%%
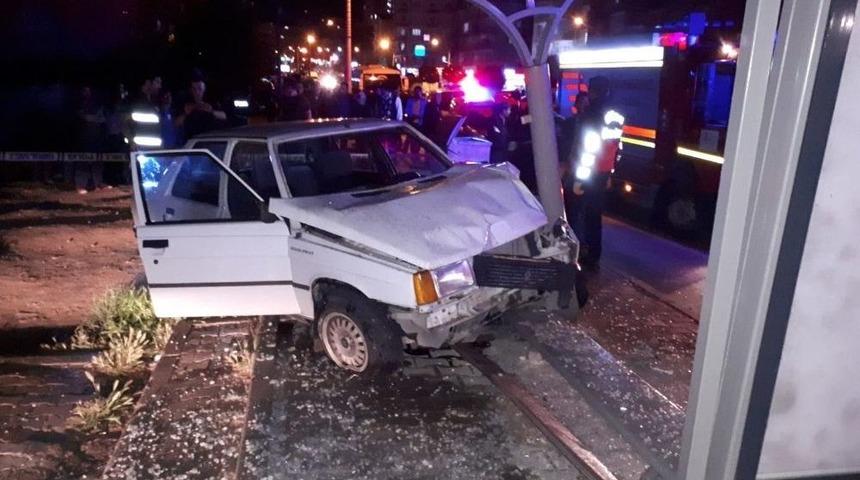 Yayaya &Ccedil;arpan Otomobil Durağa Daldı: 3 Yaralı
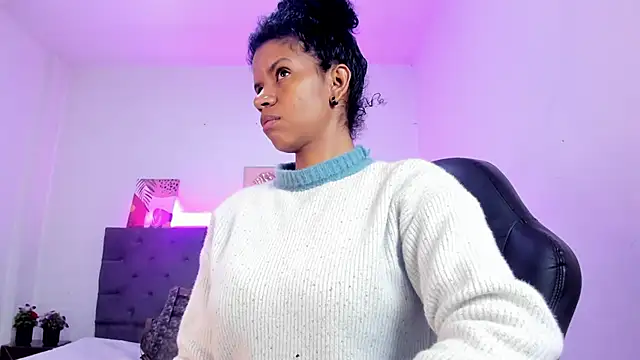 Snapshot of Ellie_Alves chatting on October 14, 2025, 12:28 pm Ellie Alves online show from October 14, 2025, 12:28 pm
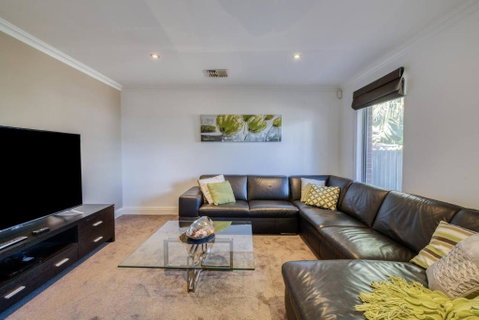 Rivervale Retreat - Spacious Family Living - Accommodation in Surfers Paradise 3
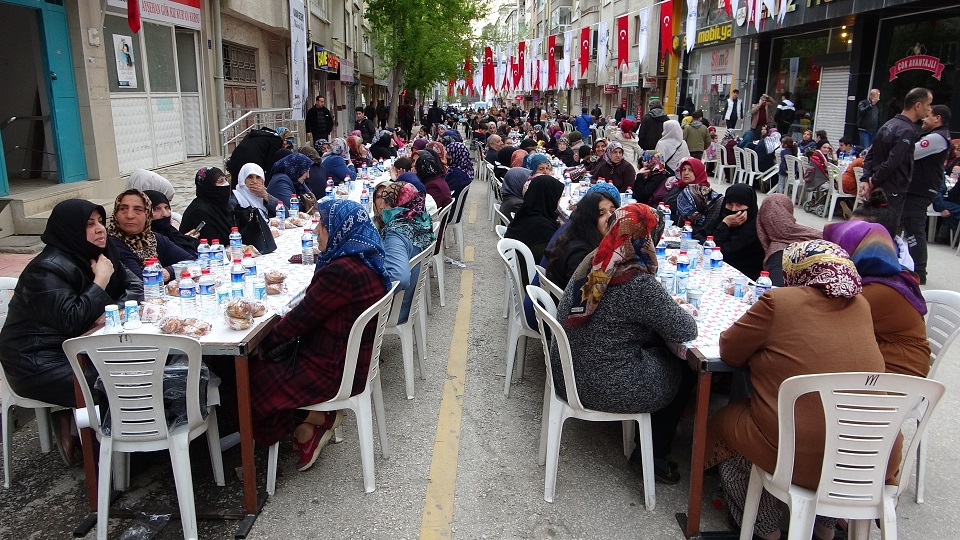 ELAZIĞ’DA 5 BİN VATANDAŞIN KATILIMIYLA İFTAR PROGRAMI DÜZENLENDİ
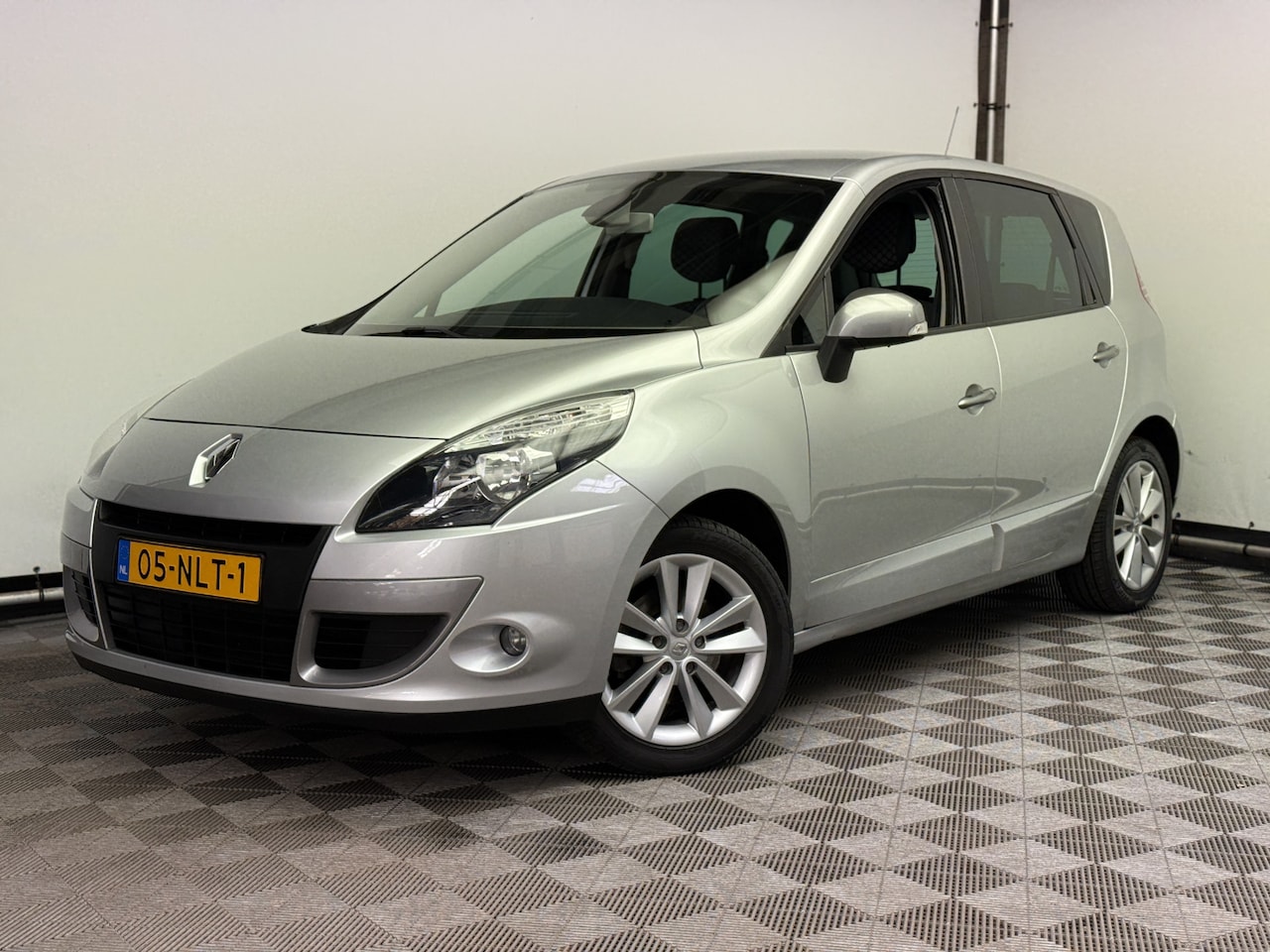 Renault Scénic - 1.6 Celsium Navi ECC Trekhaak NL Auto - AutoWereld.nl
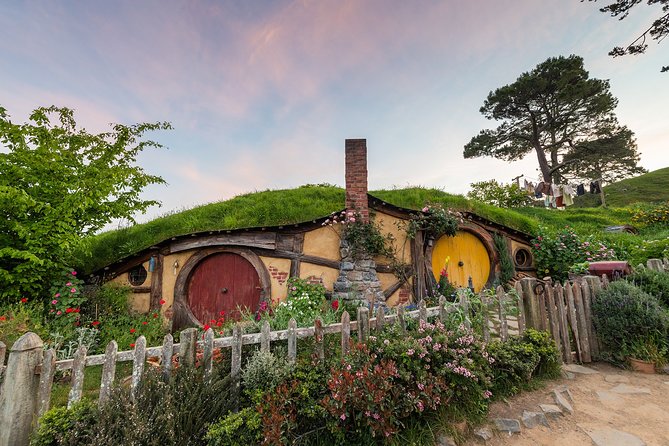 Hobbiton Movie Set Banquet Experience Private Tour From Auckland - The Lantern-Lit Walk Back Through Hobbiton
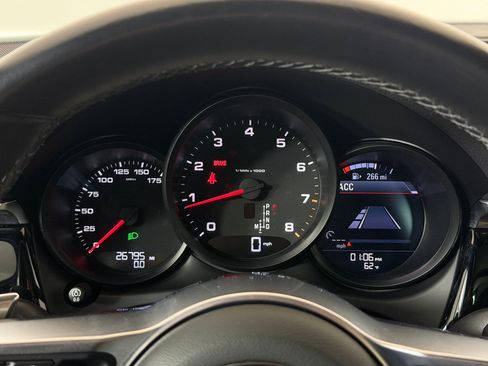 Certified 2021 Porsche Macan image 22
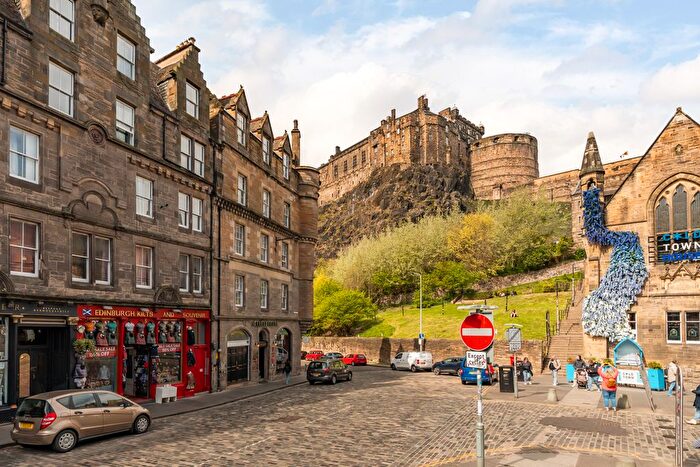 1 Bedroom Flat For Sale In B/ Grassmarket, Edinburgh, EH1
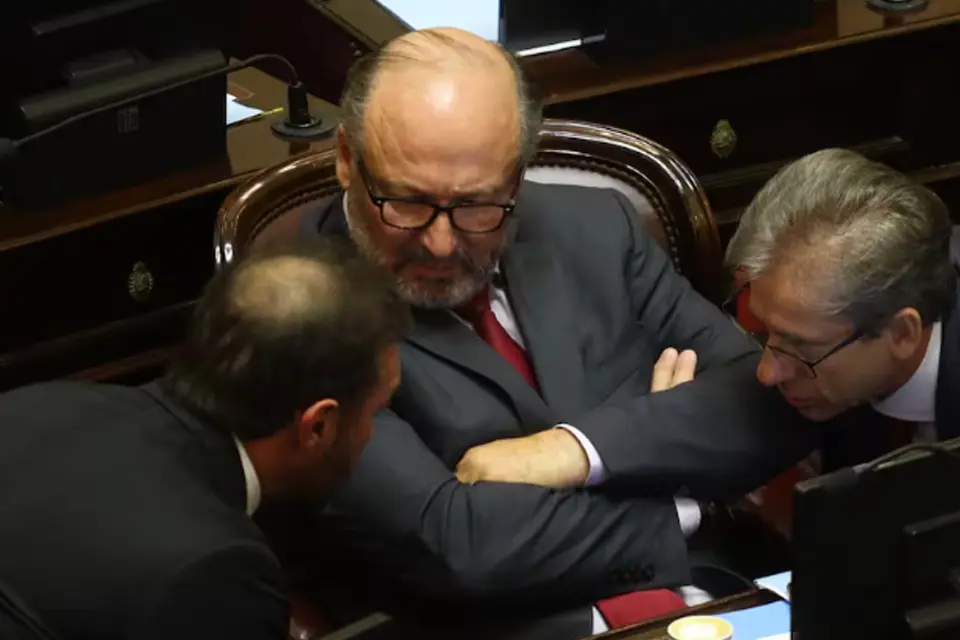 (Mención a senadora entrerriana) Secretos de un cambio sorpresivo en la votación de la comisión investigadora del escándalo cripto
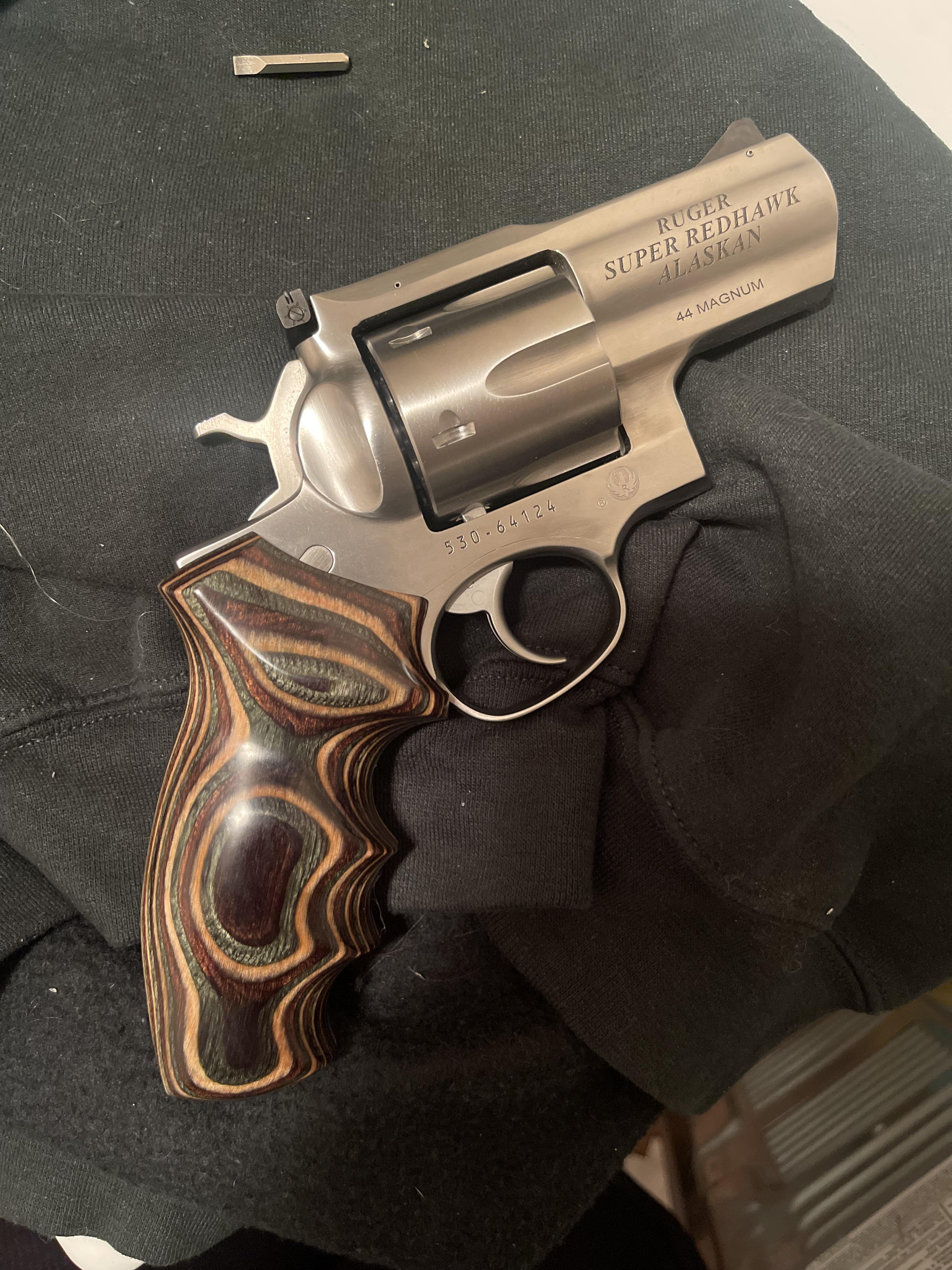 New badger grips for the Alaskan r/Revolvers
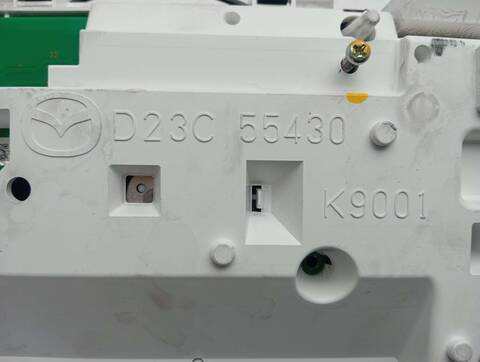 Foto 3ª: Cuadro de Instrumentos Mazda 2 LUXURY 105CV 77KW [S5] (2018)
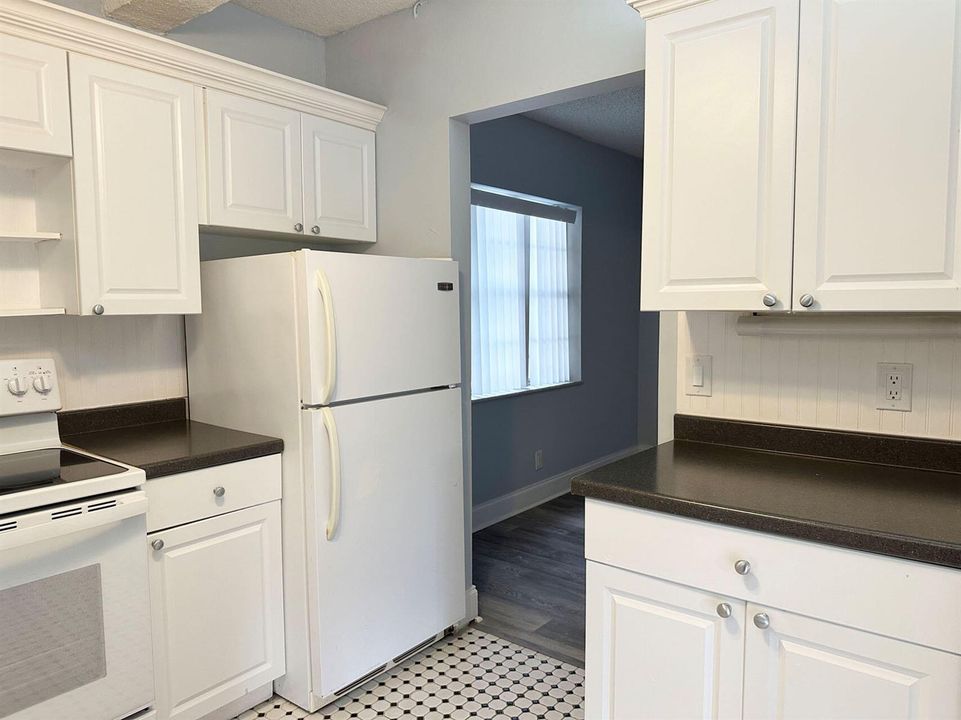 100_Royal_Palm_Way_201_11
%%
## WORK TASK
With pictures excluded, copy exactly the lines from the line containing "(Mención a senadora" through the last line of the listing above, both ends included.

## RESPONSE TO THIS EXERCISE
 (Mención a senadora entrerriana) Secretos de un cambio sorpresivo en la votación de la comisión investigadora del escándalo cripto
 New badger grips for the Alaskan r/Revolvers
 Foto 3ª: Cuadro de Instrumentos Mazda 2 LUXURY 105CV 77KW [S5] (2018)
 100_Royal_Palm_Way_201_11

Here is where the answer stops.